**DATASET CONTENT**.
++++++++++++++++++++

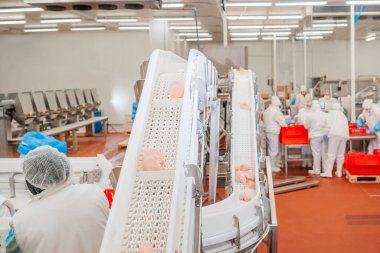 Et fabrikasında et işleme tesisi. Bir et fabrikasında endüstriyel ekipman. Modern kümes hayvanları işleme tesisi. Bir tavuk fabrikasında çalışan insanlar..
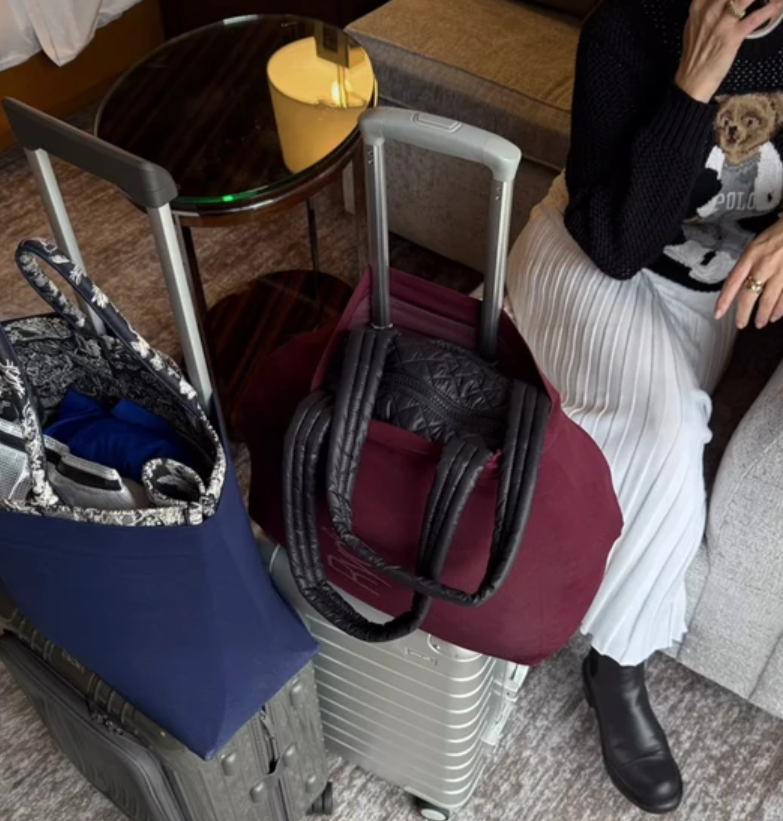 Do you travel with designer bags? Discover the pros, cons, and smart tips for carrying luxury handbags while traveling stylishly and safely.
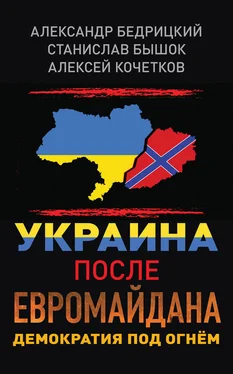 Александр Бедрицкий Украина после Евромайдана. Демократия под огнём обложка книги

++++++++++++++++++++

**WHAT IS REQUIRED**.
Repeat only the lines from the one with "Do you travel" through the end of the data, both included and exactly as written. Pictures stay out of the copy.

**WRITTEN REPLY**.
 Do you travel with designer bags? Discover the pros, cons, and smart tips for carrying luxury handbags while traveling stylishly and safely.
 Александр Бедрицкий Украина после Евромайдана. Демократия под огнём обложка книги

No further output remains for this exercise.